La Tribuna de Toledo, 9 enero 2015
Año nuevo, vida vieja. La vida, se quiera o no, no puede girar en dos días cuarenta y cinco grados, o ciento ochenta. La vida es como esos barcos pesados, portaaviones, cargueros y trasatlánticos que necesitan millas y millas para variar el rumbo, y que, a su pesar, no pueden parar en cien metros, y llevarse por delante esos pequeños barcos veleros, confiados y dormidos. En estos últimos días he leído dos libros. Uno, Butcher's Crossing, novela del Oeste, de los sesenta, de John Williams, sobre el vacío de las llanuras de Kansas, de la raya de Colorado ya hollada por el primer ferrocarril, y la caza de las últimas manadas de bisontes. Y, por encima de todo, sobre del vacío de los cazadores. El otro, Quince días en el desierto americano, de Alexis de Tocqueville, diario de explorador de la primera mitad del XIX en la península de Michigan, la entonces frontera con los indios y la nada, «el bosque infinito hasta el Pacífico y el Polo». Tocqueville recorre el desierto, la selva hasta Saginaw, cuatro casas aún sin iglesia ni cementerio a orillas del lago Hurón. Tocqueville siente que camina, pero no avanza, no se mueve: el bosque siempre igual, infinito. Will Andrews el protagonista de Butcher's Crossing, siente lo mismo cruzando las llanuras también infinitas de la senda de Smoky Hill. Caminan, pero no avanzan. Todo es igual, el paisaje, la tierra, el silencio…
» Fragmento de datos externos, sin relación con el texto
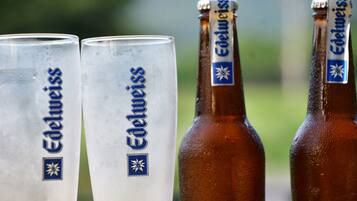 Two beer glasses and two bottles with the brand name 'Edelweiss' visible.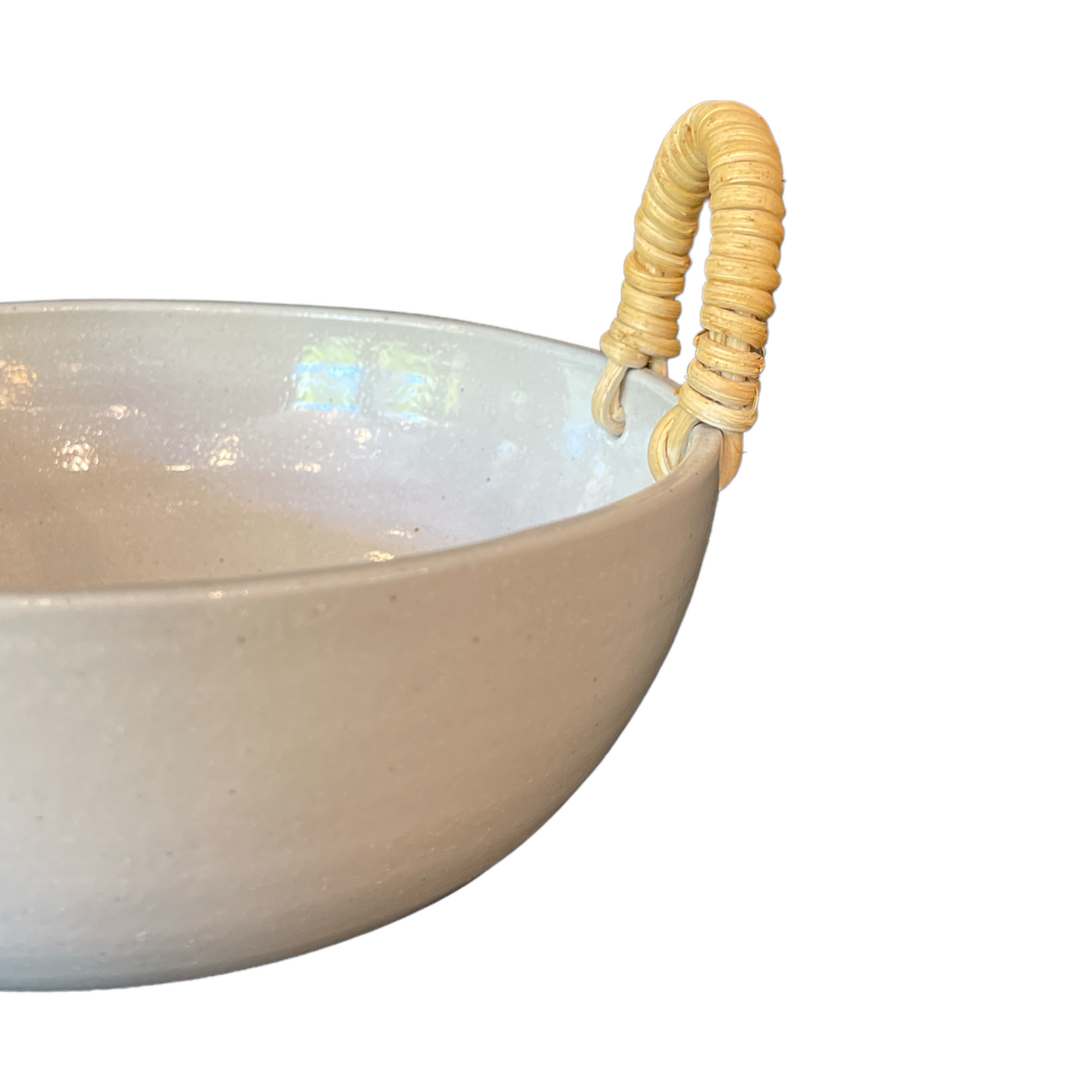 Our Rimbah Ceramic &amp; Rattan Bowl is a beautifully handmade, tactile piece, with qualities that are evident in its organic shape and distinctive glazed finish. The subtle cream stoneware accented by Rattan handles brings a stylish aesthetic to your table.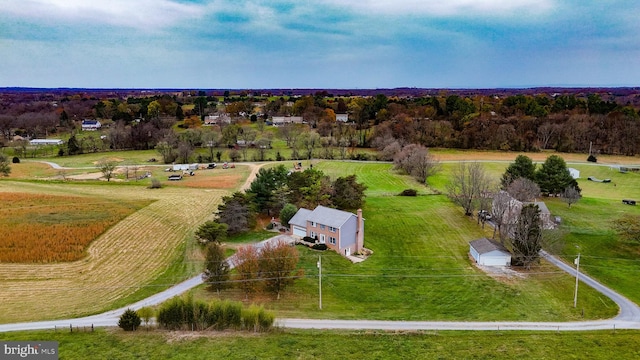 birds eye view of property featuring a rural view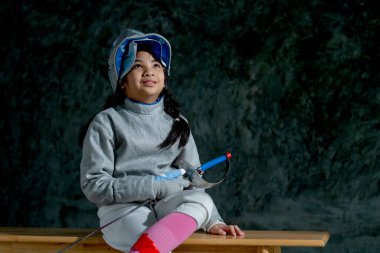 Eskrim üniformalı Asyalı kızı kapat. Çişini tut ve sol tarafına bak. Tahta bankta otur ve mutluluktan gülümse..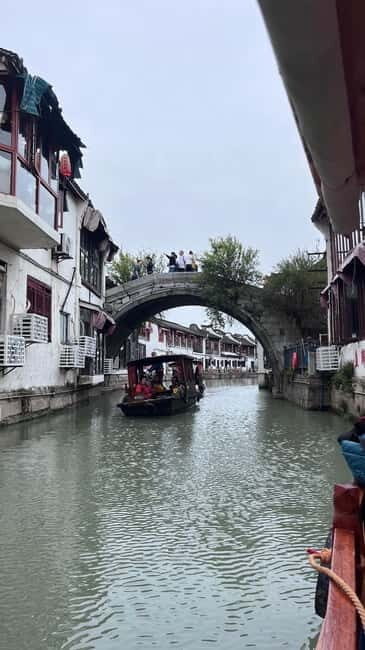 Shanghai: Zhujiajiao Water Town with Calligraphy Experience - Key highlights you’ll actually feel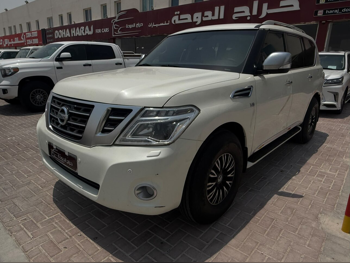 Nissan  Patrol  Platinum  2014  Automatic  498,000 Km  8 Cylinder  Four Wheel Drive (4WD)  SUV  White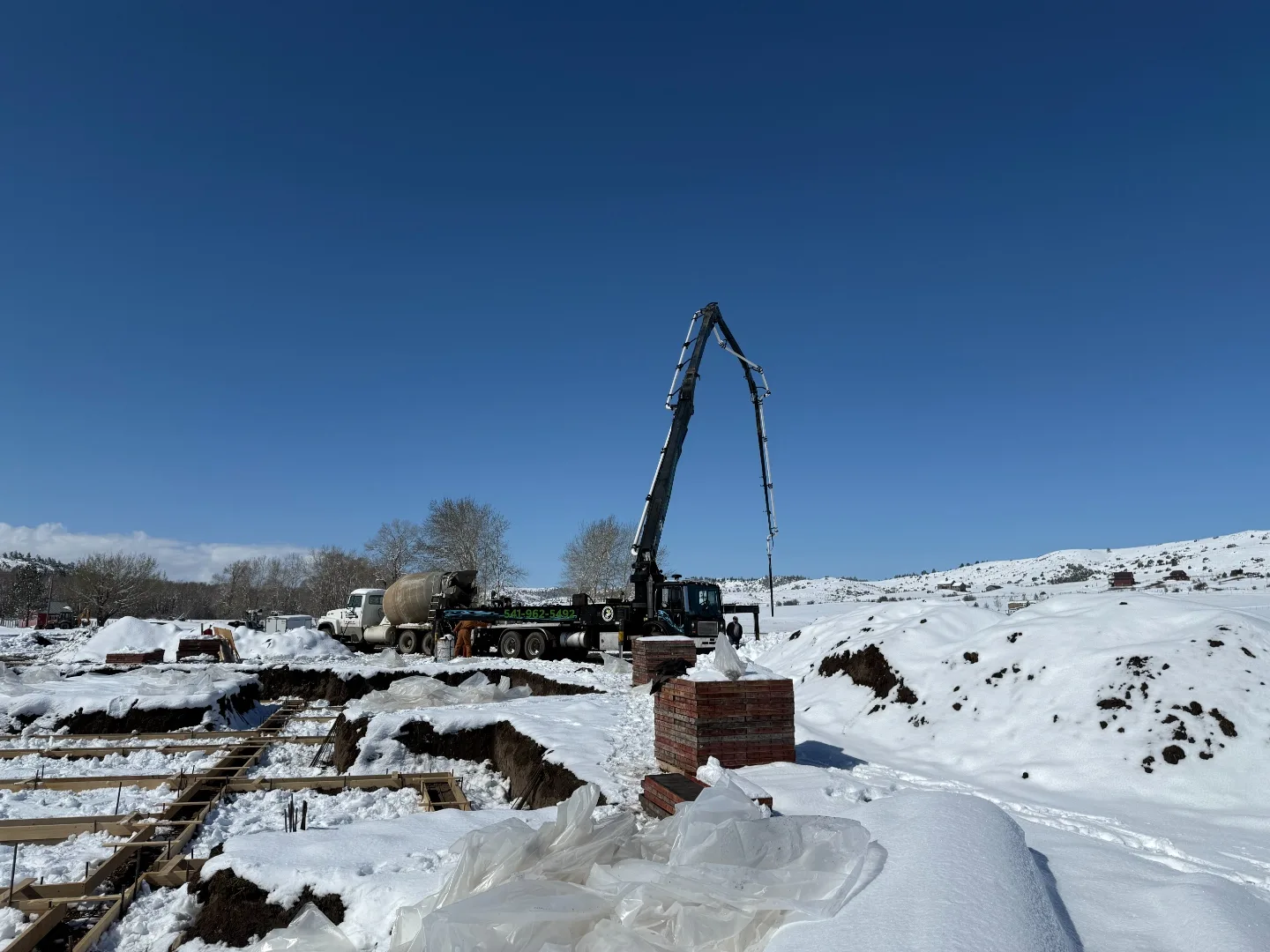 Concrete pump and mixer working at a snow-covered Montana jobsite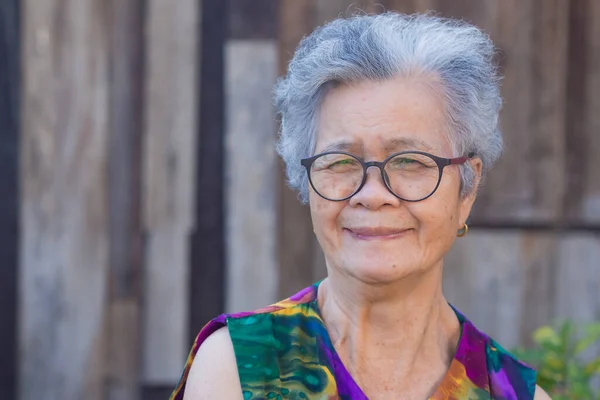 Senior woman wearing eyeglasses with short white hair smiling and looking at camera while standing in a garden. Concept of old people and healthcare.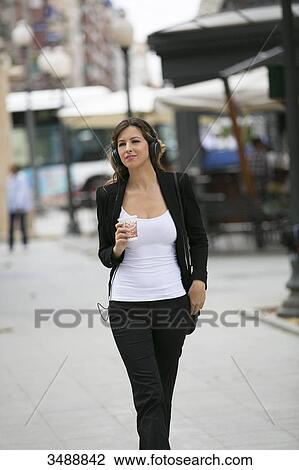 Pretty executive woman with headphones walking in downtown View Large Photo Image Stock Image - Pretty executive woman with headphones walking in downtown. Fotosearch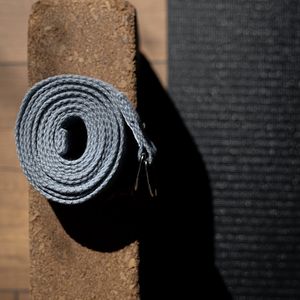 Minimalist yoga equipment on a dark floor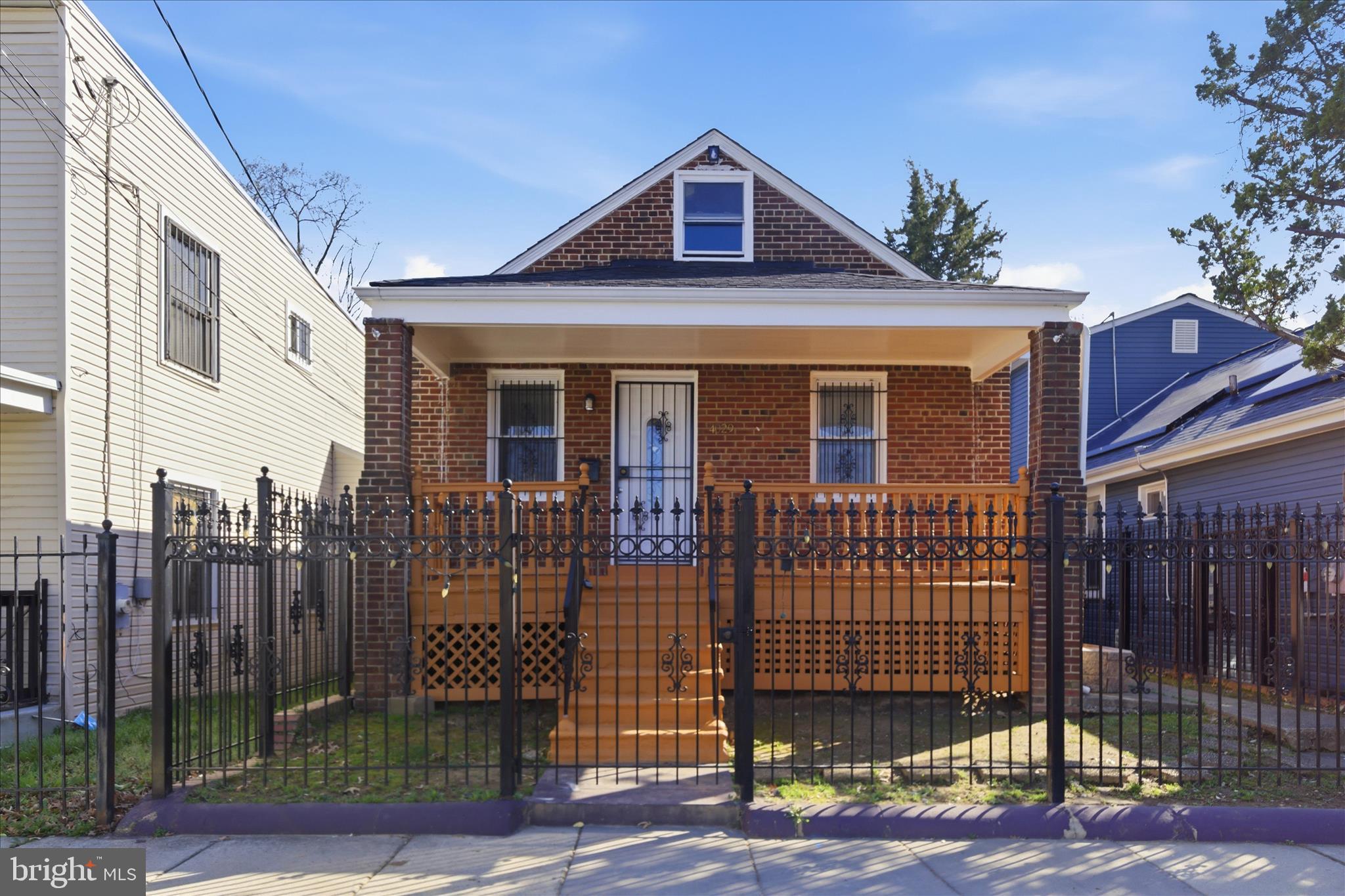 4029 Gault Place Northeast Washington, DC 20019 - Photo 1 of 33 a front view of a house with a outdoor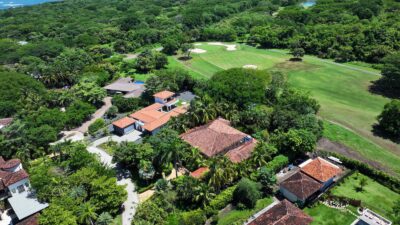 Villa Tuscana aerial view of the home with fairways beyond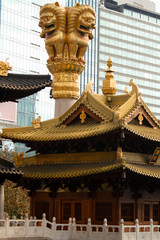 detail of a temple decoration showing three lions on a pillar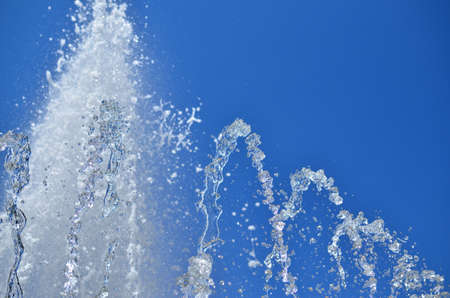 Top of a foamy fountain water against clear blue skyの写真素材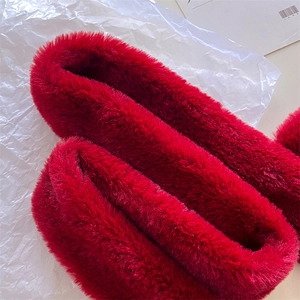 Close-up of bright red faux fur neck warmer showing soft and fluffy texture details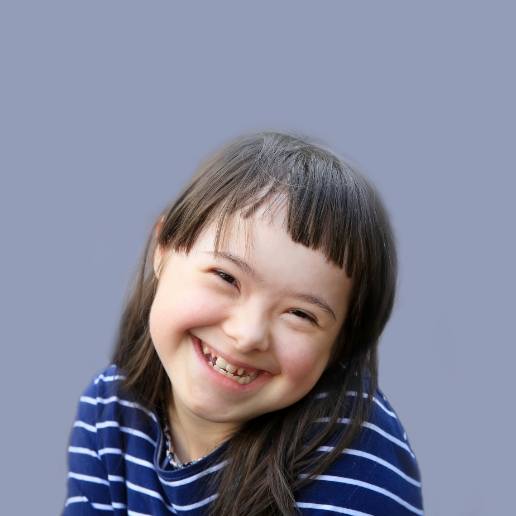 Young girl with special needs grinning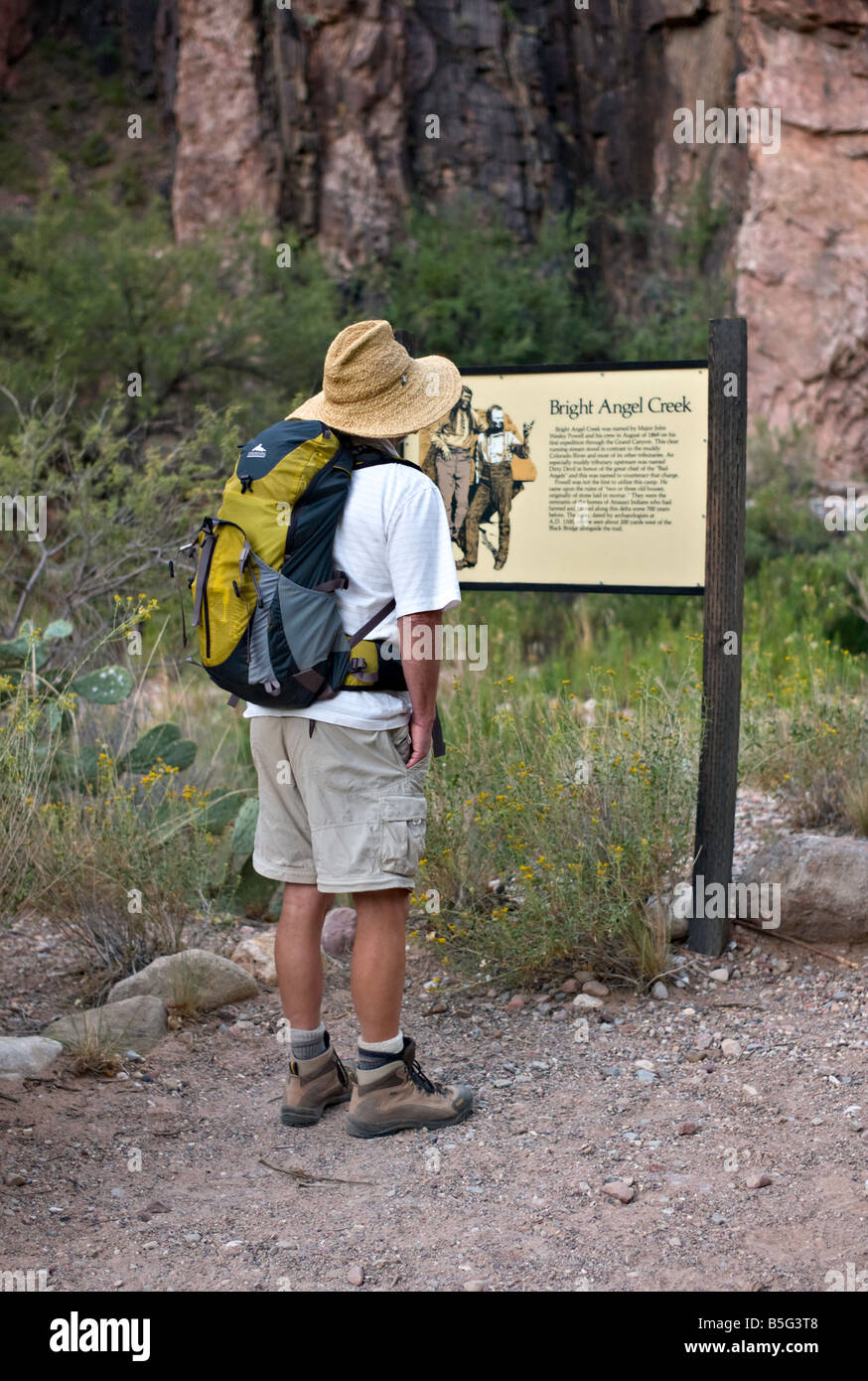 ARIZONA GRAND CANYON Hiker stops to read about Bright Angel Creek on the trail from Phantom Ranch in the Grand Canyon Stock Photo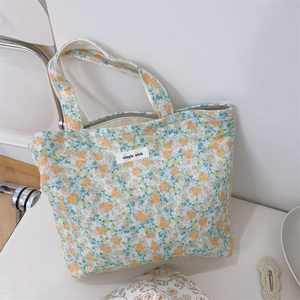 Detailed view of the simple wish floral canvas tote bag with a secure zipper closure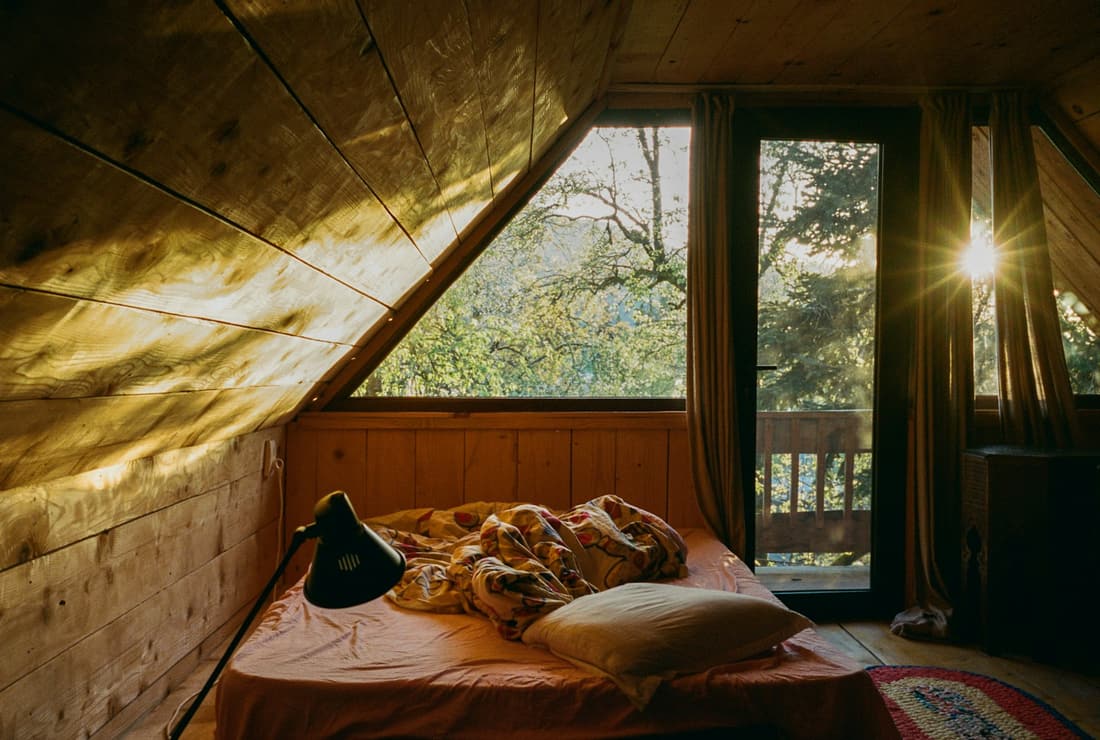 Una camera rivestita in legno nella luce del tardo pomeriggio, con le porte aperte sul balcone.
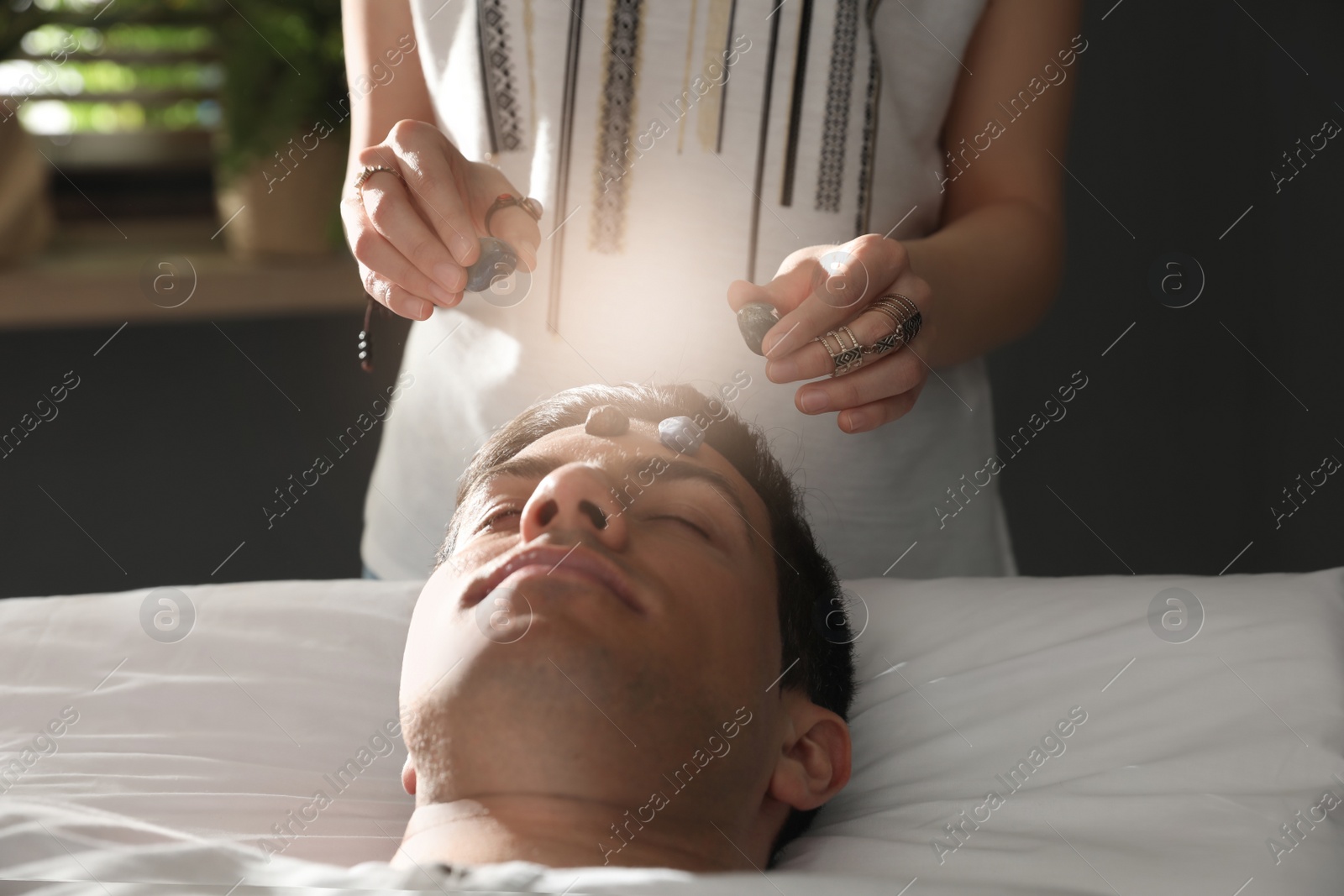 Photo of Man during crystal healing session in therapy room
Los bisontes viven en manada. Giran y pastan. Los cazadores van matando uno a uno los miles de componentes de la manada, pero los supervivientes no huyen, ni se asustan. Lo asumen. Van girando entre los cuerpos de sus congéneres, despellejados y putrefactos, y comen la hierba salpicada de sangre. No parece importarles demasiado. O nada. Hasta que una bala los tumba. Así hasta el último. Tocqueville se lamentaba que lo que él observaba estaba condenado a desaparecer: los bosques bajo el hacha, los ríos límpidos serían tomados y usados por el hombre, el indio desaparecería… La “civilización” avanzaba, no pedía permiso. Lo sabía, disfrutaba lo que veía y lamentaba lo que vendría.
Una vez tomadas las fronteras del territorio, quedan las fronteras de las ideas y la civilización. Empezando el año, el atentado de París encuentra a Europa descolocada y en llamas, creyendo que avanza, pero ahora es el paisaje quien se mueve. Europa está paralizada, como los bisontes en el valle perdido del territorio de Colorado. La Europa de las ideas, de la libertad, de la filosofía, de las personas, de la luz y de los descubrimientos… ya no existe, como el Michigan de Tocqueville, ahora arrasado, parcelado y cuadriculado desde los paisajes del Google Earth; o el Kansas de las llanuras infinitas, tomado de campos circulares de maíz y casas de madera de las que se llevan sin sentir los tornados.
Europa debe despertar. La Europa de la luz. Mientras, seguimos con la filosofía del bisonte, girando y girando, hasta que nos toque nuestra bala, o nos embista definitivamente uno de esos barcos pesados, cargados de contenedores, que no entienden de la fragilidad de una idea, de un principio, de la libertad infinita de cada ser humano.